The fruit of that Spirit was not reflected in aggressive, ruthless or manipulative patterns of relating to others. The Bible teaches us that the fruit of the Spirit is not, among other things, “enmities, strife, jealousy, anger, quarrels, dissensions, factions, envy . . . and things like these.” (Galatians 5:20-21)

Instead, the fruit of the Spirit is “love, joy, peace, patience, kindness, generosity, faithfulness, gentleness and self-control. If we live,” as Jesus lived, “by the Spirit,” then we must also be guided by the Spirit. We must not become conceited, competing against one another, envying one another. (Galatians 5:22)

Peter reminds us in his sermon that it is after Jesus is baptized that he embarks on his ministry of “doing good and healing” others through the power and presence of the Spirit. (Acts 10:38) “It is truly the inaugural event of [Jesus’] life and ministry and for this reason [his baptism] was often seen in the early church as the moment when he really became the Son of God.” (Preaching Through the Christian Year A, Craddock, Hayes, Holladay & Tucker, Trinity Press International, Harrisburg, Pennsylvania, 1992, page 81)

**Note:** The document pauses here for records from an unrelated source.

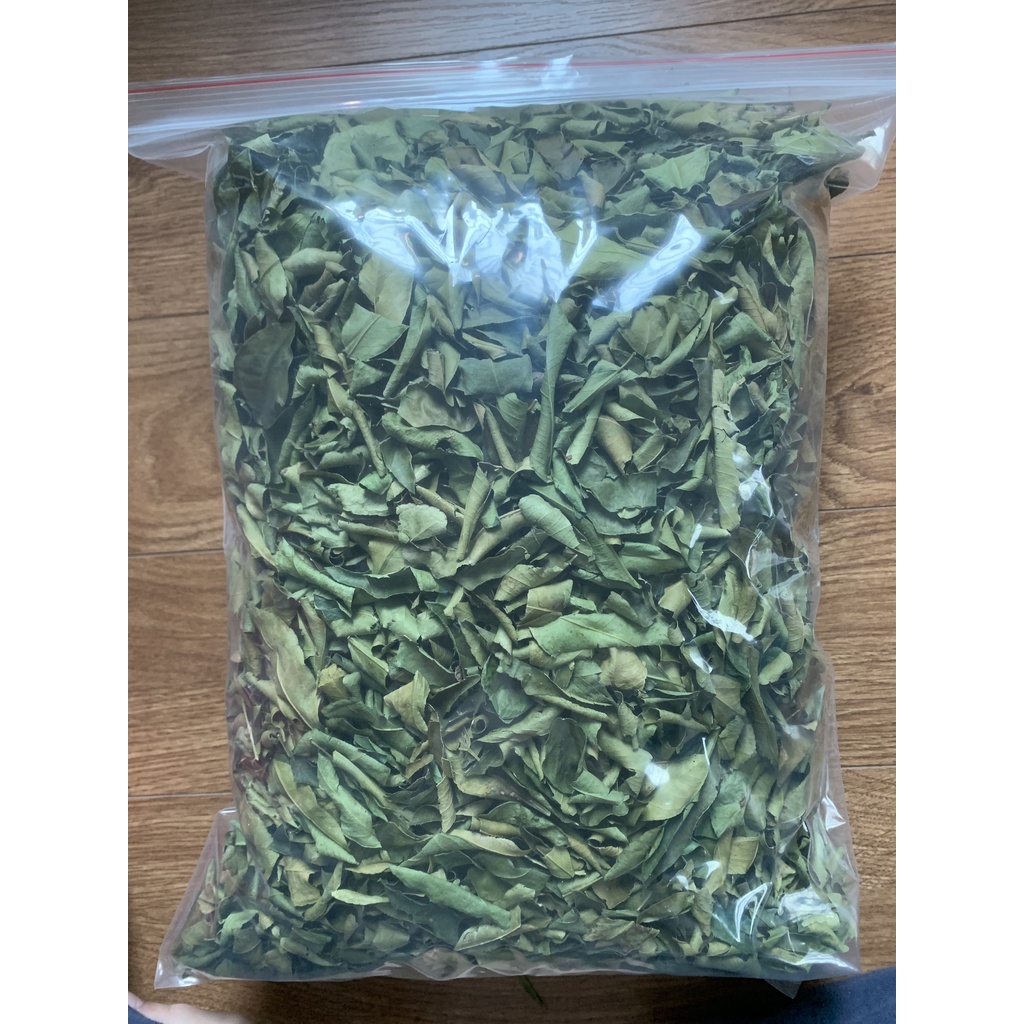 Lá chanh khô ( Lime leaf) gói 50-100g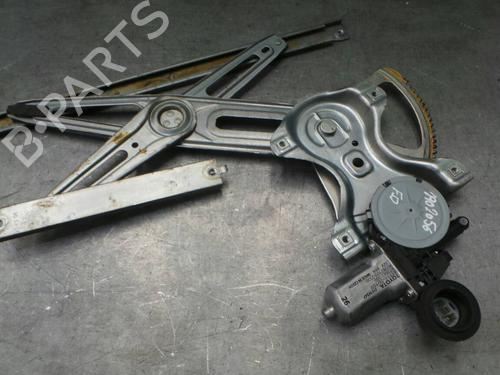 Rudehejsemekanisme Højre foran TOYOTA YARIS (_P9_) 1.4 D-4D (NLP90_, NLP90R) (90 hp) 4634929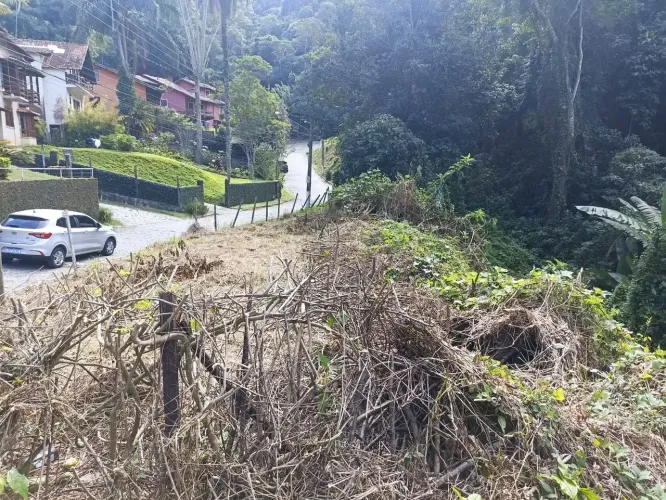 Terreno em condomínio para venda tem 1465 metros quadrados em Retiro - Petrópolis - RJ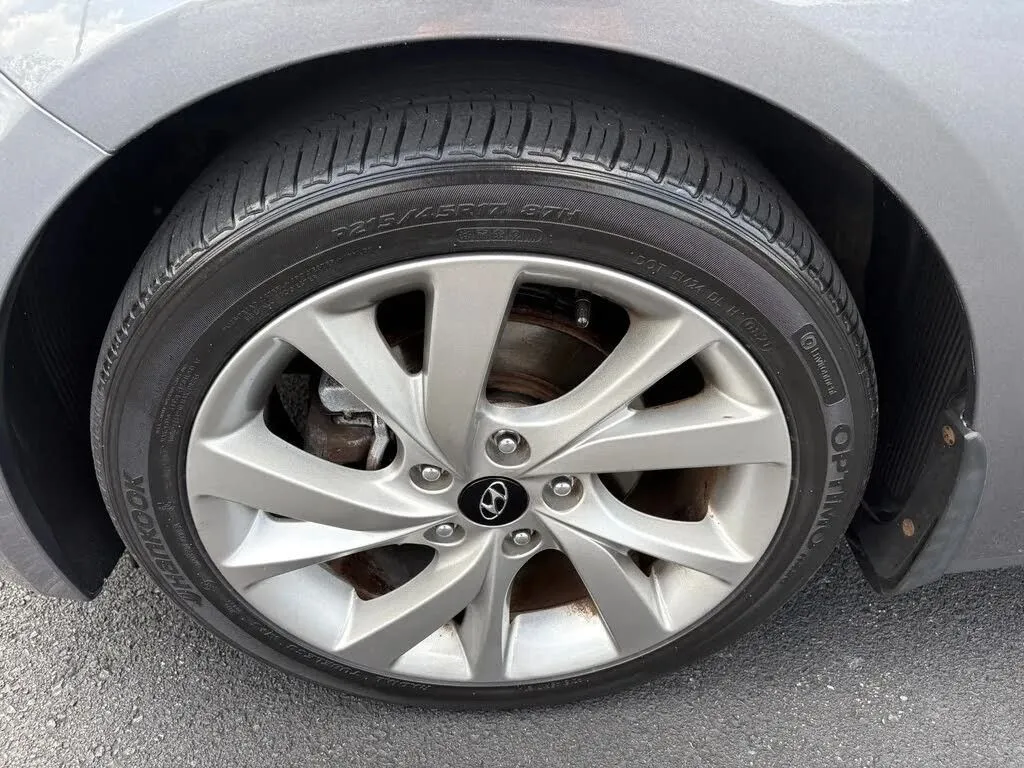 Hyundai Veloster photo 31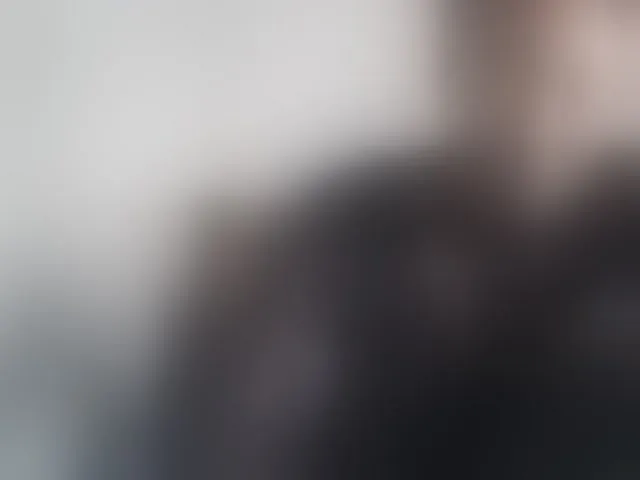 Live sex webcam photo for Queennana #293312137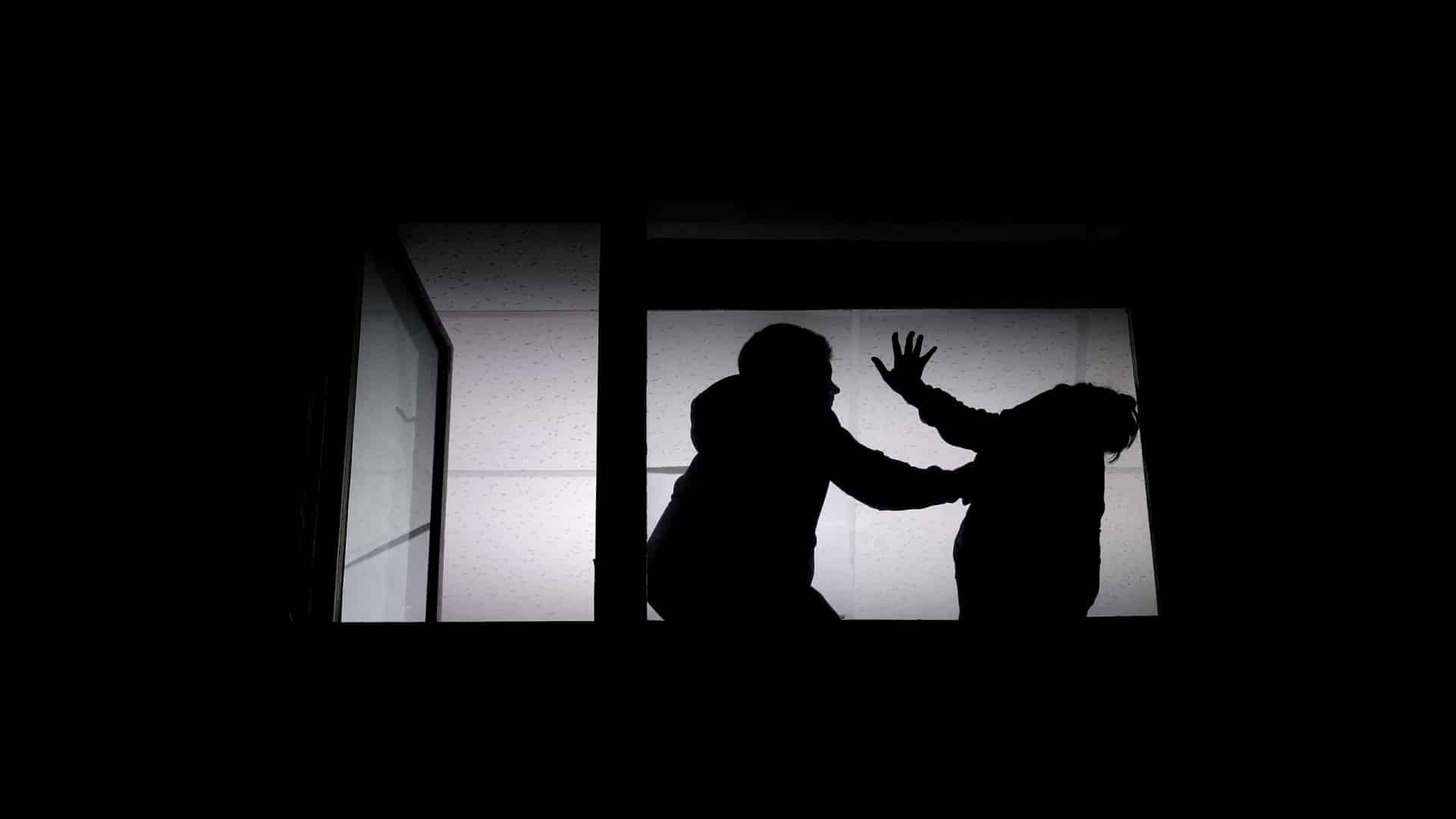 Violée par son petit ami, elle a fugué de chez elle. L'hôpital a alerté la PJ.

In his letter to the church in Galatia, the Apostle Paul wrote: “Do not be deceived; God is not mocked, for you reap whatever you sow. If you sow to your own flesh, you will reap corruption from the flesh; but if you sow to the Spirit, you will reap eternal life from the Spirit.”

“So let us not grow weary in doing what is right, for we will reap at harvest time, if we do not give up. So then, whenever we have an opportunity, let us work for the good of all ... ” not just some or most or for those we favor, but for all. (Galatians 6:7-10) May we always lay claim to our own baptism and do good through the power and presence of the Spirit in our own lives.